Now, if the queen spoke so well to the emperor, she spoke still more strongly to his council, of whom she had audience. There she triumphed in speaking and haranguing nobly with that good grace she never was deprived of; and she did so well with her fine speech that she made herself more pleasing than odious and vexatious,—all the more, withal, that she was young, beautiful, the widow of M. d’Alençon, and in the flower of her age; which is very suitable to move and bend such hard and cruel persons. In short, she did so well that her reasons were thought good and pertinent, and she was held in great esteem by the emperor, his council, and the Court. Nevertheless he meant to play her a trick, because, not reflecting on the expiration of her safe-conduct and passport, she took no heed that the time was elapsing. But getting wind that the emperor as soon as her time had expired meant to arrest her, she, always courageous, mounted her horse and rode in eight days a distance that should have taken fifteen; which effort so well succeeded that she reached the frontier of France very late on the evening of the day her passport expired, circumventing thus his Imperial Majesty [Sa Cæsarée Majesté] who would no doubt have kept her had she overstayed her safe-conduct by a single day. She sent him word and wrote him this, and quarrelled with him for it when he passed through France. I heard this tale from Mme. la seneschale, my grandmother, who was with her at that time as lady of honour.

During the imprisonment of the king, her brother, she greatly assisted Mme. la regente, her mother, in governing the kingdom, contenting the princes, the grandees, and winning over the nobility; because she was very accessible, and so won the hearts of many persons by the fine qualities she had in her.

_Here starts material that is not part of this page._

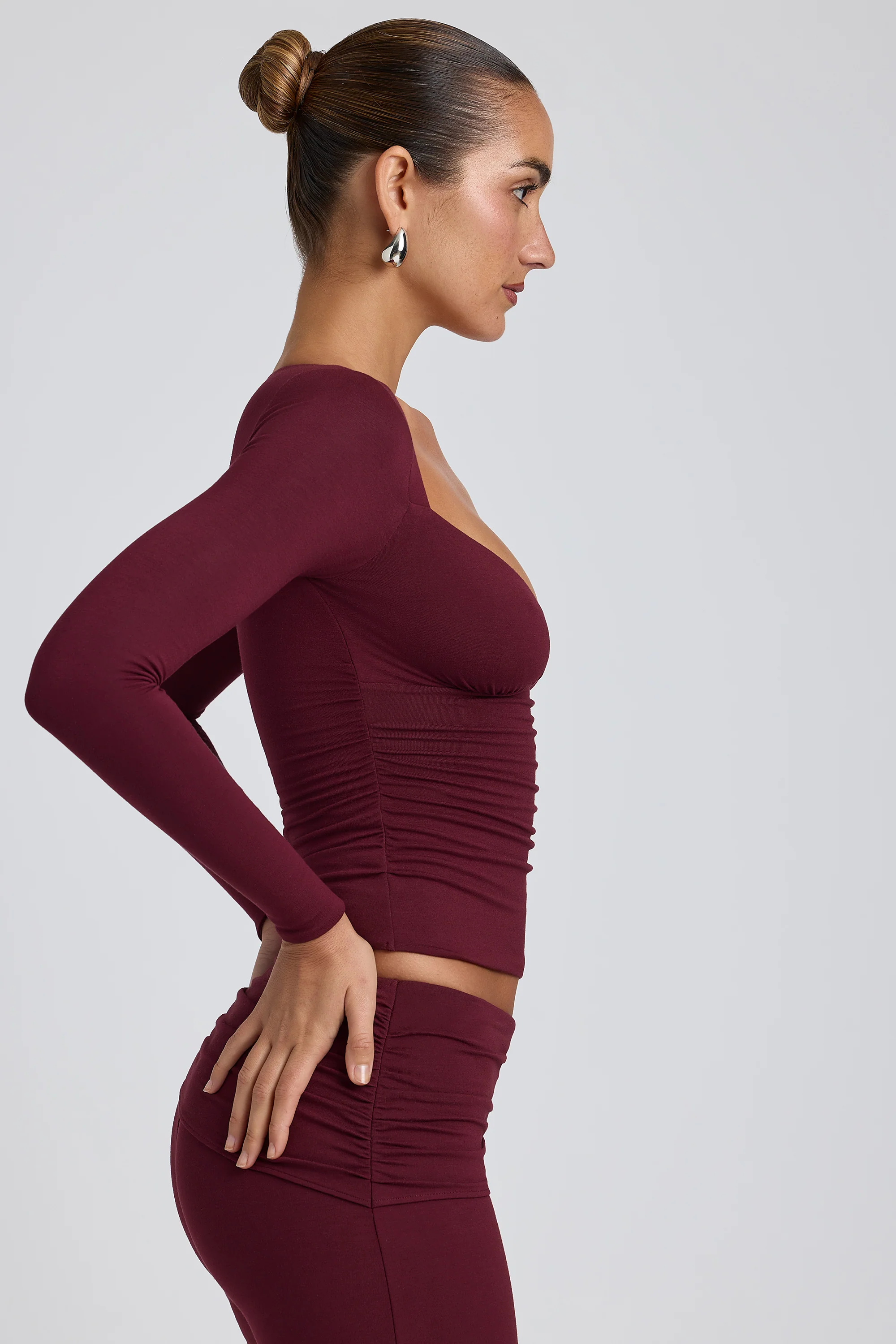 Modal Ruched Long-Sleeve Top in Plum - Image 3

In short, she was a princess worthy of a great empire; besides being very kind, gentle, gracious, charitable, a great alms-giver and disdaining none. Therefore was she, after her death, regretted and bemoaned by everybody. The most learned persons vied with each other in making her epitaph in Greek, Latin, French, Italian; so much so that there is still a book of them extant, quite complete and very beautiful.

This queen often said to this one and that one who discoursed of death, and eternal happiness after it: “All that is true, but we shall stay a long time under ground before we come to that.” I have heard my mother, who was one of her ladies, and my grandmother, who was her lady of honour, say that when they told her in the extremity of her illness that she must die, she thought those words most bitter, and repeated what I have told above; adding that she was not so old but that she might live on for many years, being only fifty-two or fifty-three years old. She was born under the 10th degree of Aquarius, when Saturn was parted from Venus by quaternary decumbiture, on the 10th of April, 1492, at ten in the evening; having been conceived in the year 1491 at ten hours before mid-day and seventeen minutes, on the 11th of July. Good astrologers can make their computations upon that. She died in Béarn, at the castle of Audaus [Odos] in the month of December, 1549. Her age can be reckoned from that. She was older than the king, her brother, who was born at Cognac, September 12th, year 1494, at nine in the evening, under the 21st degree of Gemini, having been conceived in the year 1493, December 10th, at ten o’clock in the morning, became king January 11th, 1514 [1515 new style], and died in 1547.

This queen took her illness by looking at a comet which appeared at the death of Pope Paul III.; she herself thought this, but possibly it only seemed so; for suddenly her mouth was drawn a little sideways; which her physician, M. d’Escuranis, observing, he took her away, made her go to bed, and treated her; for it was a chill [caterre], of which she died in eight days, after having well prepared herself for death. She died a good Christian and a Catholic, against the opinion of many; but as for me, I can affirm, being a little boy at her Court with my mother and my grandmother, that we never saw any act to contradict it; indeed, having retired to a monastery of women in Angoumois, called Tusson, on the death of the king, her brother, where she made her retreat and stayed the whole summer, she built a fine house there, and was often seen to do the office of abbess, and chant masses and vespers with the nuns in the choir.